A wistful smile widened on her still-pretty face as she remembered those days long ago, when she and her son had been slaves of the wretch Watto. Annie, with his mischief and his dreams, with his independent attitude and unsurpassed courage, used to so infuriate the Toydarian junk dealer. Despite the hardships of life as a slave, there had been good times, too, back then. Despite their meager food, their meager possessions, despite the constant complaining and ordering about by Watto, she had been with Annie, her beloved son.

"You should come in," came a quiet voice behind her. Shmi's smile only widened, and she turned to see her stepson, Owen Lars, walking over to join her. He was a stocky and strong boy about Anakin's age, with short brown hair, a few bristles, and a wide face that could not hide anything that was within his heart.

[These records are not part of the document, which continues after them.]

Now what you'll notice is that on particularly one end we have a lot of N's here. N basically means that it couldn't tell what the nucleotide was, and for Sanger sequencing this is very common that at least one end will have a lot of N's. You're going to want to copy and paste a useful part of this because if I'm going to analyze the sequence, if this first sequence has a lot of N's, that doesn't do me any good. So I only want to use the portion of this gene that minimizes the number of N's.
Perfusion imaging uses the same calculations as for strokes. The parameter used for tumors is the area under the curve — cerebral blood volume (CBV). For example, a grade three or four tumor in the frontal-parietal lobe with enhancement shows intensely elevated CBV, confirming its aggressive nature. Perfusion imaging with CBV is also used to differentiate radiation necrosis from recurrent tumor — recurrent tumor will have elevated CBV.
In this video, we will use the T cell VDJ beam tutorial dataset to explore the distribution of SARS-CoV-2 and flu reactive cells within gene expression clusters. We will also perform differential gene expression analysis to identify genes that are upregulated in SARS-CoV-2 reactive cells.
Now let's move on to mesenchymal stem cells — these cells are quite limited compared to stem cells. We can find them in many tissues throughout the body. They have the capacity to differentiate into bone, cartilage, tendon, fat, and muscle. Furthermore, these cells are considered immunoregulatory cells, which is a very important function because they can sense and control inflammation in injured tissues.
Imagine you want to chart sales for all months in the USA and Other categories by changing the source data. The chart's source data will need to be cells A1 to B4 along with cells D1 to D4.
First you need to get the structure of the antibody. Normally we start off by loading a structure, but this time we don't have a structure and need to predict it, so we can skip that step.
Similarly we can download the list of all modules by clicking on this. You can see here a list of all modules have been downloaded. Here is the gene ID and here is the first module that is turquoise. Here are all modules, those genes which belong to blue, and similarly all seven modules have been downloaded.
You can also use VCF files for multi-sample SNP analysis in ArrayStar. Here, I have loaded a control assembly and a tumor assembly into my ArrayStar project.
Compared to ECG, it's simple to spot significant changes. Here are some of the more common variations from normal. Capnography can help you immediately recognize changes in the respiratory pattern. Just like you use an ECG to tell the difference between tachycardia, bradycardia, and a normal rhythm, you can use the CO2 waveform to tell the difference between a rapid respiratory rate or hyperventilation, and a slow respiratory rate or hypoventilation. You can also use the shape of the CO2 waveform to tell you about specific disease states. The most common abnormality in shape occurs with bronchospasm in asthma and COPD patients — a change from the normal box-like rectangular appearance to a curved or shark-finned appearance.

Shmi tousled Owen's hair when he moved beside her, and he responded by draping an arm across her shoulders and kissing her on the cheek. "No starship tonight, Mom?" Owen asked good-naturedly. He knew why Shmi had come out here, why she came out here so very often in the quiet night. Shmi turned her hand over and gently stroked it down Owen's face, smiling. She loved this young man as she loved her own son, and he had been so good to her, so understanding of the hole that remained within her heart. Without jealousy, without judgment, Owen had accepted Shmi's pain and had always given her a shoulder to lean on.

"No starship this night," she replied, and she looked back up at the starry canopy. "Anakin must be busy saving the galaxy or chasing smugglers and other outlaws. He has to do those things now, you know."

"Then I shall sleep more soundly from this night forward," Owen replied with a grin.

Though she was kidding, of course, Shmi did realize a bit of truth in her presumption about Anakin. He was a special child, something beyond the norm- even for a Jedi, she believed. Anakin had always stood taller than anyone else. Not physically-physically, as Shmi remembered him, he was just a smiling little boy, with curious eyes and sandy blond hair. But Annie could do things, and so very well. He was the first human ever to win one of the Podraces, and that when he was only nine years old! And in a racer that, Shmi remembered with an even wider smile, had been built with spare parts taken from Watto's junkyard.